» Directions
Restate each entry below exactly; pictures stay out of the copy.

» Data records
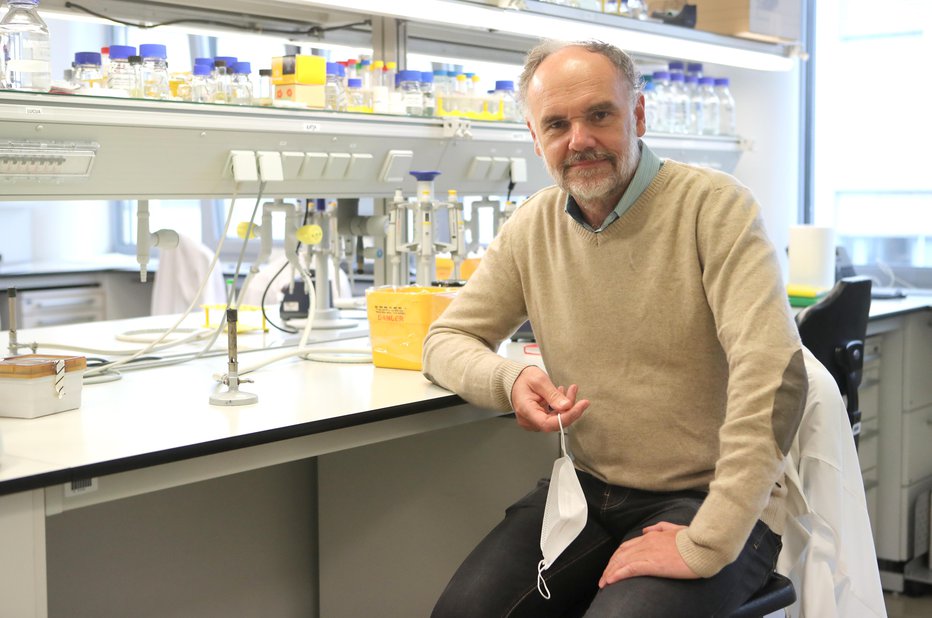 Fotografija: Roman Jerala, vodja Odseka za sintezno biologijo in imunologijo na Kemijskem inštitutu. FOTO: Dejan Javornik, Delo
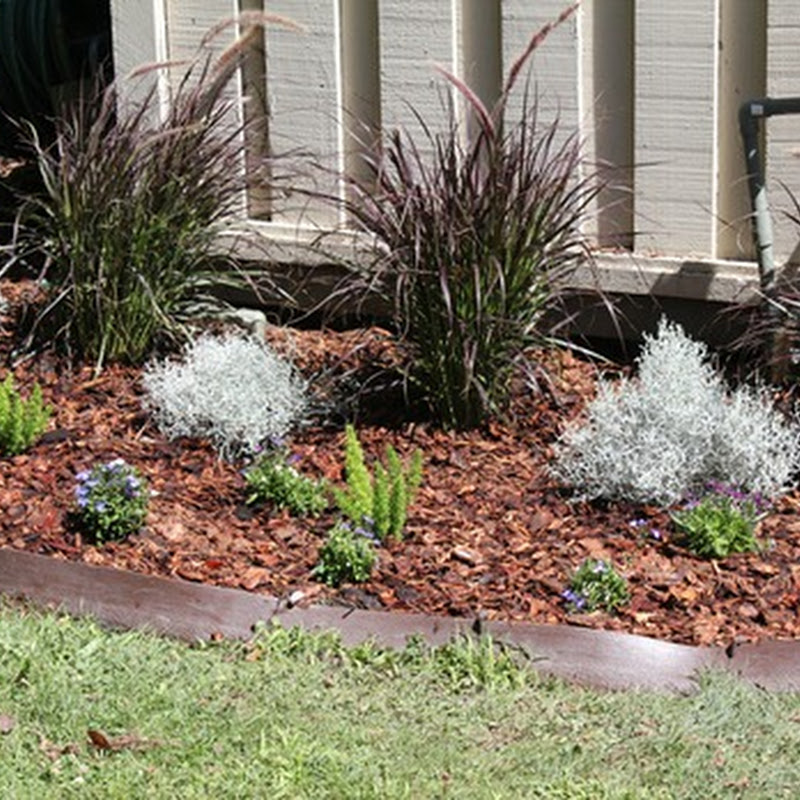 Quick Curb Appeal Project
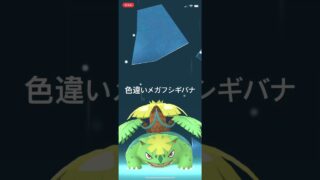 ポケモンGO 正月キャップの色違いフシギバナをメガシンカ！色違いメガフシギバナ #ポケモン #pokémon #ポケモンgo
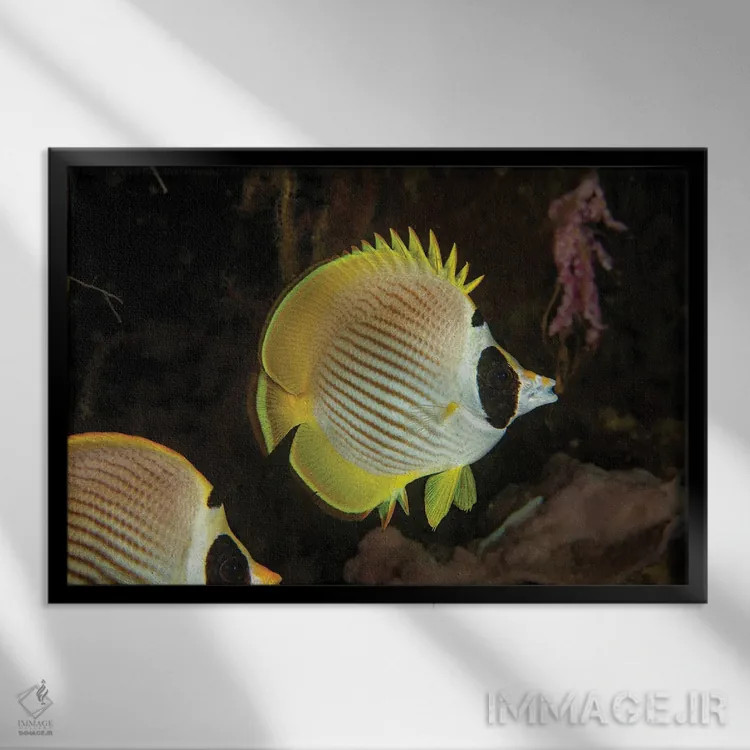 تابلو Chaetodon Adiergastos, Also Known As A Panda Butterflyfish, Philippines,یک ماهی پروانهای فیلیپینی (پاندا)، فیلیپین اثر دیوید فلیتهام - نمای قابدار مشکی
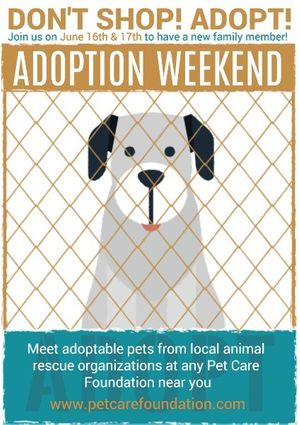 weekend, dont shop, adoption weekend, Cute Pet Adoption Flyer Template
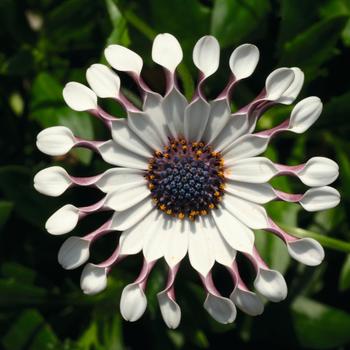 Osteospermum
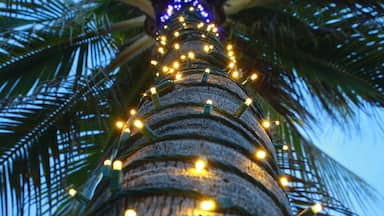 Looking Up at Palm Tree Adorned with White and Purple Holiday Lights in Deerfield Beach, Florida after Dusk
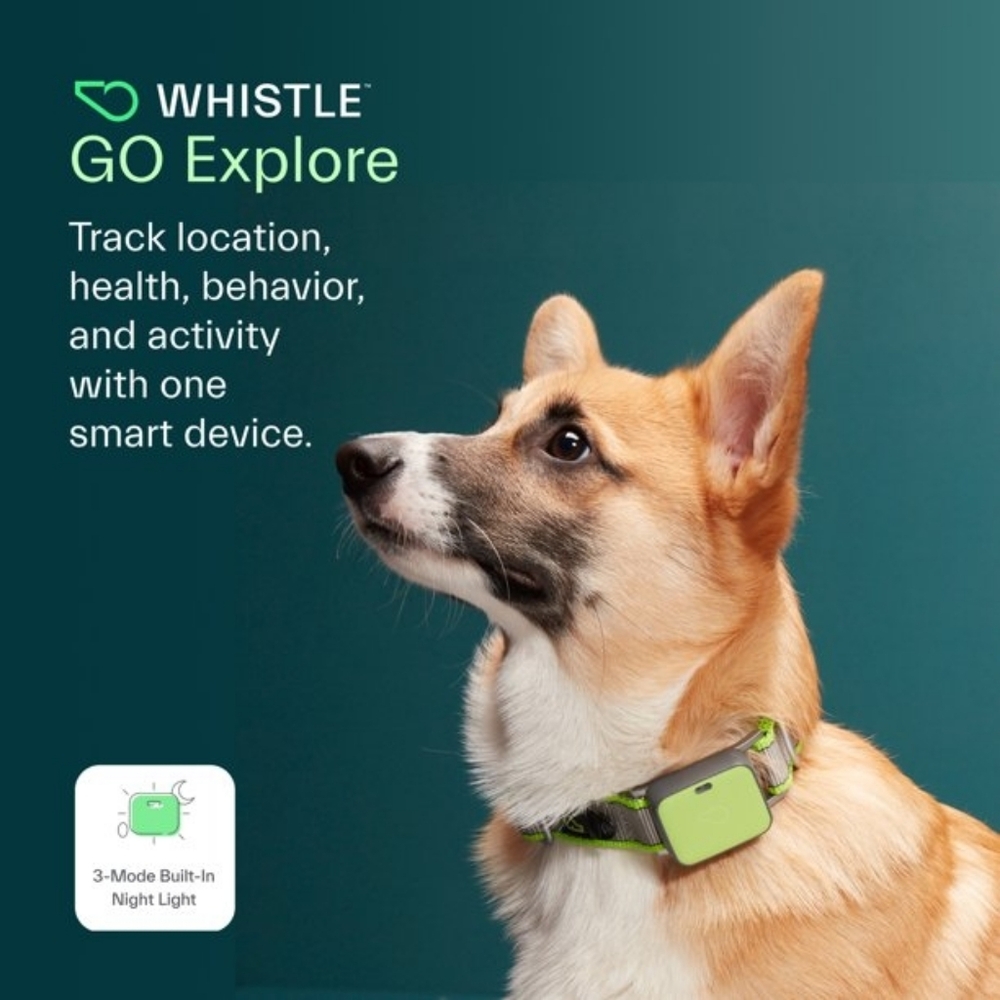 Whistle GO Explore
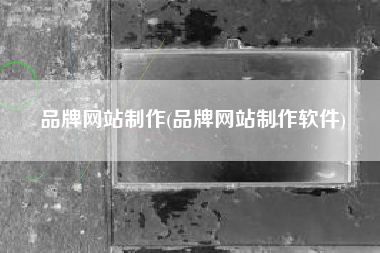 品牌网站制作(品牌网站制作软件)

» Response area
 Fotografija: Roman Jerala, vodja Odseka za sintezno biologijo in imunologijo na Kemijskem inštitutu. FOTO: Dejan Javornik, Delo
 Quick Curb Appeal Project
 ポケモンGO 正月キャップの色違いフシギバナをメガシンカ！色違いメガフシギバナ #ポケモン #pokémon #ポケモンgo
 تابلو Chaetodon Adiergastos, Also Known As A Panda Butterflyfish, Philippines,یک ماهی پروانهای فیلیپینی (پاندا)، فیلیپین اثر دیوید فلیتهام - نمای قابدار مشکی
 weekend, dont shop, adoption weekend, Cute Pet Adoption Flyer Template
 Osteospermum
 Looking Up at Palm Tree Adorned with White and Purple Holiday Lights in Deerfield Beach, Florida after Dusk
 Whistle GO Explore
 品牌网站制作(品牌网站制作软件)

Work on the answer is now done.